● ABOUT THIS TASK
When you reach the line containing "And then pick", begin reproducing the material exactly, stop after the line containing "The first application", and leave out any pictures along the way.

● THE DATA
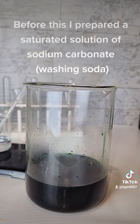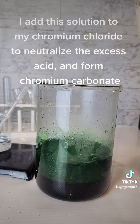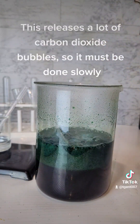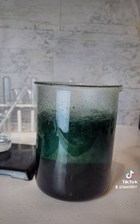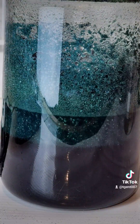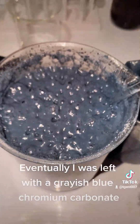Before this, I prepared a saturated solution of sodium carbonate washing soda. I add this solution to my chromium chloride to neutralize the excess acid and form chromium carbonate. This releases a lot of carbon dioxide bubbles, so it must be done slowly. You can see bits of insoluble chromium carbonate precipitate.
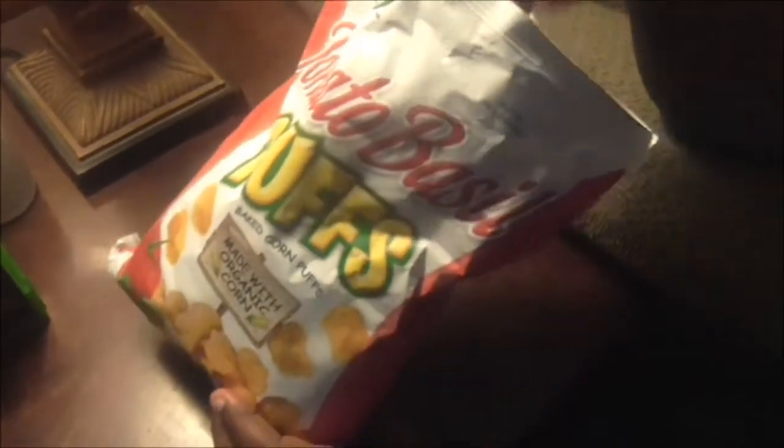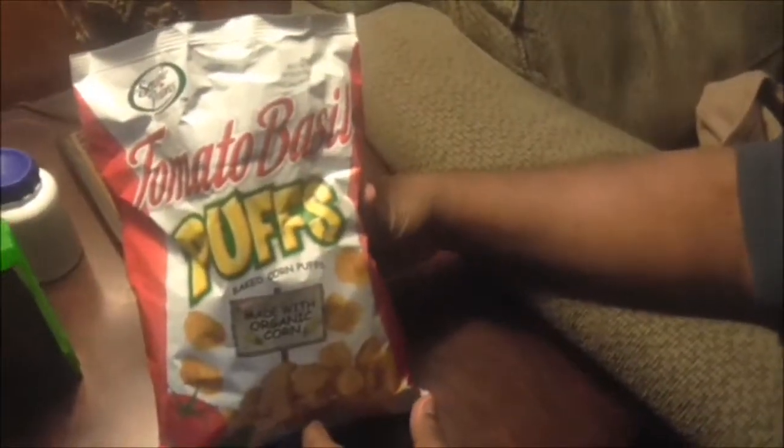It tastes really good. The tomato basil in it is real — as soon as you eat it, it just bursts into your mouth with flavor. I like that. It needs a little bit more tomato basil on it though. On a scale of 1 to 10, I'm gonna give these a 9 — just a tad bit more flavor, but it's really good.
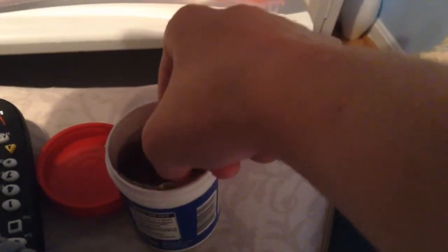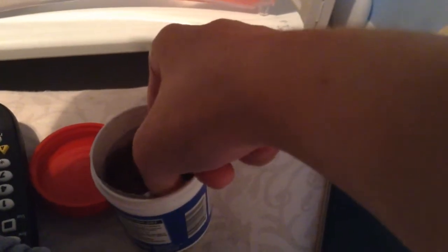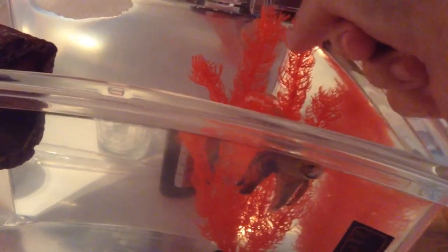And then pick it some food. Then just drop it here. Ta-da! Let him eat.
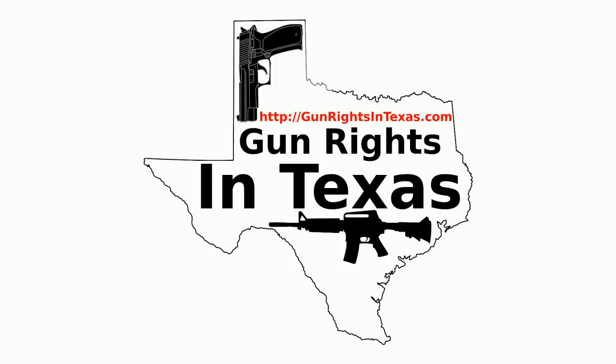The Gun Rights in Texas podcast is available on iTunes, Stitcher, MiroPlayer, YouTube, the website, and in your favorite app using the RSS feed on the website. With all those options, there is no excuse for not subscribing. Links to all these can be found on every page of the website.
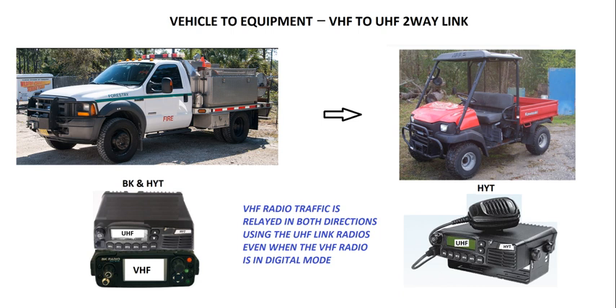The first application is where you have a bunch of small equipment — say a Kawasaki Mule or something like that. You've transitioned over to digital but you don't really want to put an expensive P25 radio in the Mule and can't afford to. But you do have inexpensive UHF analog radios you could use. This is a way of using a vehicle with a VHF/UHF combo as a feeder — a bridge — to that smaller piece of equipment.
...
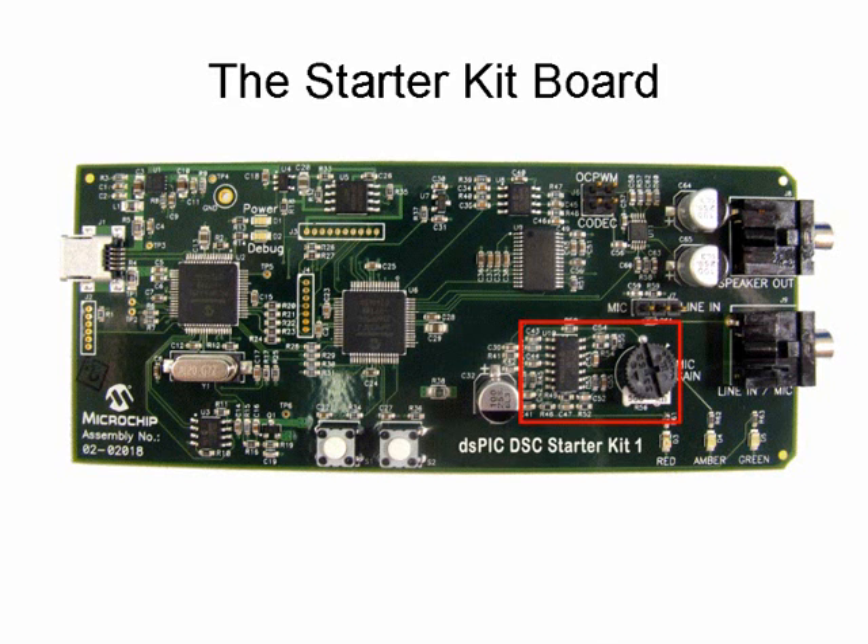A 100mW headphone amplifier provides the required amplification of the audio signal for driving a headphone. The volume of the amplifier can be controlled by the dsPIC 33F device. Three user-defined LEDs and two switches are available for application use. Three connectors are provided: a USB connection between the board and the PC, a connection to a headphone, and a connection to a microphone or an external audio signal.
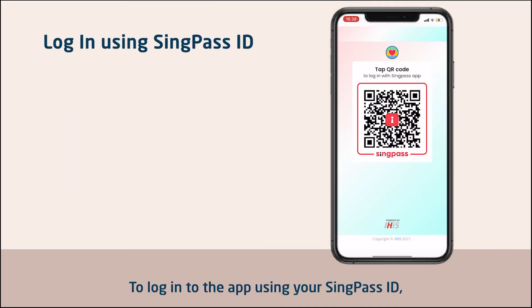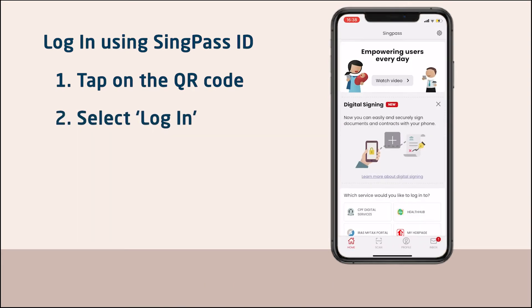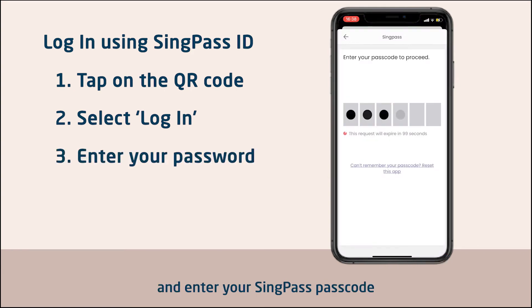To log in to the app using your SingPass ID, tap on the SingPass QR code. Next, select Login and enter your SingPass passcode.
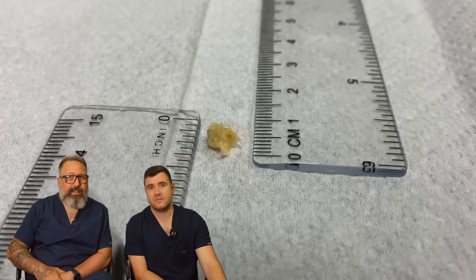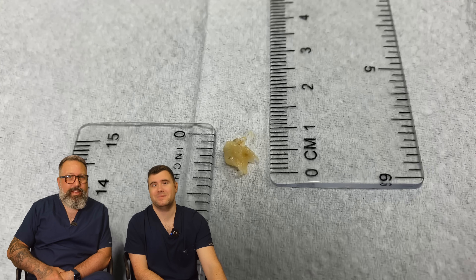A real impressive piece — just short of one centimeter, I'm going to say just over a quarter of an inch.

● COMPLETED TASK
And then pick it some food. Then just drop it here. Ta-da! Let him eat.
The Gun Rights in Texas podcast is available on iTunes, Stitcher, MiroPlayer, YouTube, the website, and in your favorite app using the RSS feed on the website. With all those options, there is no excuse for not subscribing. Links to all these can be found on every page of the website.
The first application is where you have a bunch of small equipment — say a Kawasaki Mule or something like that. You've transitioned over to digital but you don't really want to put an expensive P25 radio in the Mule and can't afford to. But you do have inexpensive UHF analog radios you could use. This is a way of using a vehicle with a VHF/UHF combo as a feeder — a bridge — to that smaller piece of equipment.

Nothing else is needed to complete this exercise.